NSX Edge Preparation

  • If you have any vCloud Networking and Security 5.5 or earlier vShield Edge appliances, you must upgrade them to NSX 6.2.x or later before upgrading to NSX 6.4.
  • Verify the hosts have enough resources to deploy additional NSX Edge Services Gateway appliances during the upgrade, particularly if you are upgrading multiple NSX Edge appliances in parallel. See the System Requirements for NSX Data Center for vSphere for the resources required for each NSX Edge size.
    • For a single NSX Edge instance, there are two NSX Edge appliances of the appropriate size in the poweredOn state during upgrade.
    • For an NSX Edge instance with high availability, both replacement appliances are deployed before replacing the old appliances. This means there are four NSX Edge appliances of the appropriate size in the poweredOn state during upgrade of a given NSX Edge. Once the NSX Edge instance is upgraded, either of the HA appliances could become active.

  • Verify that the host clusters listed in the configured location and live location for all NSX Edge appliances are prepared for NSX and that their messaging infrastructure status is GREEN. If the status is green, the hosts are using the messaging infrastructure to communicate with NSX Manager instead of VIX.

    You must do this even if you do not intend to upgrade all NSX Edge appliances to NSX 6.4.

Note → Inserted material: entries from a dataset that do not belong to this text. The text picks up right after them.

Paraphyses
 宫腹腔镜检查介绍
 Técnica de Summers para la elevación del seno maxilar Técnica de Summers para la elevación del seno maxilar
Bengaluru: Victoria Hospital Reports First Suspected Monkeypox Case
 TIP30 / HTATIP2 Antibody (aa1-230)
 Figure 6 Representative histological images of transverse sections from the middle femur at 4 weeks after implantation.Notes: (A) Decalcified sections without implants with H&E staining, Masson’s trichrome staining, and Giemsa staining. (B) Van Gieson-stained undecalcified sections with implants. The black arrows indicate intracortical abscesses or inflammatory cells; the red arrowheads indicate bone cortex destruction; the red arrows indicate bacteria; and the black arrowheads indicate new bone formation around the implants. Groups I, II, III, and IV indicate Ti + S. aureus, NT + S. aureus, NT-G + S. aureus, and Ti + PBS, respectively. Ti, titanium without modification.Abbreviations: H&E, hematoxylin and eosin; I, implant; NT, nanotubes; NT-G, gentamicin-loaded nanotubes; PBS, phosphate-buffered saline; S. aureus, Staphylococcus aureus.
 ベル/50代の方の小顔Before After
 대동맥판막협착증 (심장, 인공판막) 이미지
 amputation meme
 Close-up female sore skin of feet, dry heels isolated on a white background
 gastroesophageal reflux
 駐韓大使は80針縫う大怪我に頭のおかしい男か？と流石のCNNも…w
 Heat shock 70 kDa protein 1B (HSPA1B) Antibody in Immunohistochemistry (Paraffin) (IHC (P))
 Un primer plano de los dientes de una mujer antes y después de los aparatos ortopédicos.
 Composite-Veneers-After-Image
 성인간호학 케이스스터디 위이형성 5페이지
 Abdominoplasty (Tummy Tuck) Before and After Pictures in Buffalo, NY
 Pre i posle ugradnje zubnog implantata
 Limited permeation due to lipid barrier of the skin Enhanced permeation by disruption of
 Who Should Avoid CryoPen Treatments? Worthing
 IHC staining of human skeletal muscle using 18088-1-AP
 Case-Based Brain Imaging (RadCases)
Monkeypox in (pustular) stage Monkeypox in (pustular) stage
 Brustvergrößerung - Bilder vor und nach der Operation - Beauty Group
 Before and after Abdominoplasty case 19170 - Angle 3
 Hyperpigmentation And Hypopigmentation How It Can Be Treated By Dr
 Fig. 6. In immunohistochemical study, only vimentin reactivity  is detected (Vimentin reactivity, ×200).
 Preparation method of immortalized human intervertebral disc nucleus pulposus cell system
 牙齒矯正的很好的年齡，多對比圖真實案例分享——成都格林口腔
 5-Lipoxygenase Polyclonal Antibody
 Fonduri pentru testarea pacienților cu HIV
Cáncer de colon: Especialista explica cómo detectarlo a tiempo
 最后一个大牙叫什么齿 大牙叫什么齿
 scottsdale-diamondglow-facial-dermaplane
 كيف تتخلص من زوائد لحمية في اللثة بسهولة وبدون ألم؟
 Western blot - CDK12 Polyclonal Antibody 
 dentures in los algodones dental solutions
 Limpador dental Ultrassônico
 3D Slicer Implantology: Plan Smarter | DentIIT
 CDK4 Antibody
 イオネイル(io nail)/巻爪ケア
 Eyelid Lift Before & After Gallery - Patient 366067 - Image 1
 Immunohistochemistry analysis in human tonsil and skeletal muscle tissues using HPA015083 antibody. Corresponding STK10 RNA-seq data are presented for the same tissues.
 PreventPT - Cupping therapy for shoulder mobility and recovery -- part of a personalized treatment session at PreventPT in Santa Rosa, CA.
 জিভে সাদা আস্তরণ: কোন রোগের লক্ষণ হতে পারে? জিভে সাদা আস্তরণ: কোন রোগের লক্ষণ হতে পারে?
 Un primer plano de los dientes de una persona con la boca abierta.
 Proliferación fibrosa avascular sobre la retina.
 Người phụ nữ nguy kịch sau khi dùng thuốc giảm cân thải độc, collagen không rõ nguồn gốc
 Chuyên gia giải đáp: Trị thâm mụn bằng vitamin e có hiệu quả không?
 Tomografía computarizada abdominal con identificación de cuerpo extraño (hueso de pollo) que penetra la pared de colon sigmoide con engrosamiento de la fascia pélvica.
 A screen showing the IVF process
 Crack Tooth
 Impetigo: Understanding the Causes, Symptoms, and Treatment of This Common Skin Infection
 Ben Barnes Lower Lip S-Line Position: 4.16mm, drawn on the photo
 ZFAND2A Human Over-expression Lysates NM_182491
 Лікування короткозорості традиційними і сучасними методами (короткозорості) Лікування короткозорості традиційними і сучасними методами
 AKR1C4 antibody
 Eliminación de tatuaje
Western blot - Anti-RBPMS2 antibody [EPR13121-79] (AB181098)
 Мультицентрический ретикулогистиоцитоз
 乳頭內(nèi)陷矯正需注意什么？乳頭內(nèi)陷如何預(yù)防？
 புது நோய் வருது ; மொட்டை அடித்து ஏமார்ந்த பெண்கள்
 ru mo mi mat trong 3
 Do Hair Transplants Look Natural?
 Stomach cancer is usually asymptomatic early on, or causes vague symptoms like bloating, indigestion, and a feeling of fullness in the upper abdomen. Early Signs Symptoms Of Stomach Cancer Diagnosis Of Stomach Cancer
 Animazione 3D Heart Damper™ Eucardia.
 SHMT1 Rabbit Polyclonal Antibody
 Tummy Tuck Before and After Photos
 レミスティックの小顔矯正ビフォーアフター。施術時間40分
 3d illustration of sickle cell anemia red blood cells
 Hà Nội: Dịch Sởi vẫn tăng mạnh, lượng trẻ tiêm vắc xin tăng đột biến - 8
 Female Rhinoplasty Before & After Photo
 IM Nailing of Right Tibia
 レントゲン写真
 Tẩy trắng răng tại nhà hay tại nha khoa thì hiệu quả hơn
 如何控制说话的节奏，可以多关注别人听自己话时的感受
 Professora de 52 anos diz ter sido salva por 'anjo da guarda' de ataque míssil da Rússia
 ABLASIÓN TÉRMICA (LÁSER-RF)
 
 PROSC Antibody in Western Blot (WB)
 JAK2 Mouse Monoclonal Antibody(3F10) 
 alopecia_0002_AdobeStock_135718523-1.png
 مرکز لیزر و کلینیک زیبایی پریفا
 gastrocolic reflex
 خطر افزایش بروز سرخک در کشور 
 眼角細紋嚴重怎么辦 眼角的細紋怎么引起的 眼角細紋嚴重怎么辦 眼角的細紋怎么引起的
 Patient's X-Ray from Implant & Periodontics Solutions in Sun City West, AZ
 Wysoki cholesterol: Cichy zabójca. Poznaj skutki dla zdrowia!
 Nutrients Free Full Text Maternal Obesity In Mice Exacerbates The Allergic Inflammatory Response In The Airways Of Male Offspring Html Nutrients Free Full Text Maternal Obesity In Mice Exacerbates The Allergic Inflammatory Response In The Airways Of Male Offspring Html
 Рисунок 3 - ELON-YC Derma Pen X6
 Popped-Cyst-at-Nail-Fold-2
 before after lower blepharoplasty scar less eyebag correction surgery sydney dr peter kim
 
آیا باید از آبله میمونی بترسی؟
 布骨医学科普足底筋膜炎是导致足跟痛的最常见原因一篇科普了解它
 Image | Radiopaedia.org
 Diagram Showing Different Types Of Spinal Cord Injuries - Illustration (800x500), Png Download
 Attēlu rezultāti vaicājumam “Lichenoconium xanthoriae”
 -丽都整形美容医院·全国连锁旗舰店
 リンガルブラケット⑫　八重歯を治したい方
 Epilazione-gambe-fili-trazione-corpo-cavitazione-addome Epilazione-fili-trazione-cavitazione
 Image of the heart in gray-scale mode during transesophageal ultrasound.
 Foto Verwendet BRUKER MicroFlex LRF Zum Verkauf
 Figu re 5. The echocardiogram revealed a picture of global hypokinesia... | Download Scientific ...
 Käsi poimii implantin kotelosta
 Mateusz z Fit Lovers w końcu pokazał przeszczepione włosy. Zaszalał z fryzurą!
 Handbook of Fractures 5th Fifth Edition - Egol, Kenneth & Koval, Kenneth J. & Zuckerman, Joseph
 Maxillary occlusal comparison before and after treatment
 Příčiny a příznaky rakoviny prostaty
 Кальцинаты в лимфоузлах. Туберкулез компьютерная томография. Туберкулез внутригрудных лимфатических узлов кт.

    If the configured location is not available, for example, because the cluster has been removed since the NSX Edge appliance was created, then verify the live location only.
    • Find the ID of the original configured location (configuredResourcePool > id) and the current live location (resourcePoolId) with the GET https://NSX-Manager-IP-Address/api/4.0/edges/{edgeId}/appliances API request.
    • Find the host preparation status and the messaging infrastructure status for those clusters with the GET https://NSX-Manager-IP-Address/api/2.0/nwfabric/status?resource={resourceId} API request, where resourceId is the ID of the configured and live location of the NSX Edge appliances found previously.
      • Look for the status corresponding to the featureId of com.vmware.vshield.vsm.nwfabric.hostPrep in the response body. The status must be GREEN. 
        <nwFabricFeatureStatus>
  <featureId>com.vmware.vshield.vsm.nwfabric.hostPrep</featureId>
  <featureVersion>6.3.1.5124716</featureVersion>
  <updateAvailable>false</updateAvailable>
  <status>GREEN</status>
  <installed>true</installed>
  <enabled>true</enabled>
  <allowConfiguration>false</allowConfiguration>
</nwFabricFeatureStatus>
      • Look for the status corresponding to the featureId of com.vmware.vshield.vsm.messagingInfra in the response body. The status must be GREEN. 
        <nwFabricFeatureStatus>
  <featureId>com.vmware.vshield.vsm.messagingInfra</featureId>
  <updateAvailable>false</updateAvailable
  <status>GREEN</status>
  <installed>true</installed>
  <enabled>true</enabled>
  <allowConfiguration>false</allowConfiguration>
</nwFabricFeatureStatus>
    If the hosts are not prepared for NSX, do the following:
    • Navigate to Installation and Upgrade > Host Preparation and prepare the hosts for NSX.
    • Verify that the messaging infrastructure is GREEN.
    • Redeploy the NSX Edges on the host.
    If the hosts are not prepared for NSX, do the following:
    • Navigate to Installation > Host Preparation and prepare the hosts for NSX.
    • Verify that the messaging infrastructure is GREEN.
    • Redeploy the NSX Edges on the host.